2024年11月22日(金)

ヒットメーカーの舞台裏

2010年5月24日

i-stop搭載のマツダの主要車・アクセラ

 信号待ちなどの際にエンジンを自動停止−再起動させる装置で、燃費を1割向上させた。路線バスではおなじみの装置だが、ガソリンエンジンの乗用車では使い勝手が悪く、なかなか普及しなかった。2009年6月にマツダの主力乗用車「アクセラ」に採用、当初「i-stop(アイ・ストップ)」の搭載比率は3割程度と見ていたが、半数に達した。その後、ミニバンの「ビアンテ」で、約8割が搭載モデルに。簡素でローコストな省燃費技術としてユーザーの支持は急上昇中だ。

 アイドリングストップ装置は、停止状態からのエンジン再起動時に、いかにドライバーに違和感を与えないかが普及への課題だった。カギは再起動時間の短縮である。0.4秒を超えるとドライバーはストレスを感じやすいとされるが、「アイ・ストップ」の場合は0.35秒にした。

アイドリングストップ装置 i-stop(アイ・ストップ)

 商品化を先導したのは、プログラム開発推進本部主査の猿渡健一郎(45歳)。1987年の入社以来、米国オフィス駐在時期を除き、一貫してエンジンの企画・開発を担当してきた。猿渡がアイ・ストップ搭載用のユニークな新開発エンジンを研究所から紹介されたのは05年だった。

 燃料を直接、シリンダー(燃焼室)内に噴射する「直噴」方式のエンジンだ。ここまでは一般的な技術だが、停止後の再起動がスタータモーターを使わず、燃料を噴射するだけでできるという世界でも例のない技術を確立していたのだった。エンジンが停止する際に、ピストンの止まる位置を制御することで、スタータを使わずに素早い再点火を可能にした。

 猿渡に、このエンジンを使ってアイドリングストップ装置の商品化を進める任務が発令されたのは07年初めだった。10%の燃費向上を目標にした開発が本格化したが、この年の秋に猿渡は苦渋の決断を下す。

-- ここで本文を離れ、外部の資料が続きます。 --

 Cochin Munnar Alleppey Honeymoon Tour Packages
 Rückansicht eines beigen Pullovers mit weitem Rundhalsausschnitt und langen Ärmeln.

 スタータなしでの再起動というこのエンジン最大の機能を見送り、再起動にはスタータを使うことにした。燃費性能に問題があったからだった。スタータを使わない場合、再起動に備えて停止前のエンジン回転数を高めにする必要があり、燃料を多めに消費する。燃費改善は8%程度にとどまった。

非難の嵐にさらされた苦渋の決断

 「マジックのようなこの技術を君は捨てるのか」。研究部門からはゴウゴウと非難された。だが「手段が目的となってはならない」と、譲らなかった。商品化過程で「もっとも苦しかった」時期であり、「生来、楽天的」という猿渡だが、ある日娘さんから円形脱毛を発見されたのもこのころだった。

 開発チームには当初からこのエンジンに携わってきたメンバーもおり、落胆は痛いほど分かった。猿渡は、素早く再起動する技術が継承されることや、商品化にはユーザーの違和感や不安感を除去するという大きな仕事が残っていると訴え、メンバーを鼓舞した。08年5月には正式に商品化が承認されたが、1年後の量産化が迫っており、最終的な熟成化には実質半年を残すのみだった。猿渡はここで、アイ・ストップの商品化に全社を巻き込む作戦に出た。「燃費改善はエンジン屋の仕事」という風潮のなか、これまでになかった技術を短期間で熟成するには、工数不足の問題だけでなく「さまざまなユーザーの視点が不可欠だった」からだ。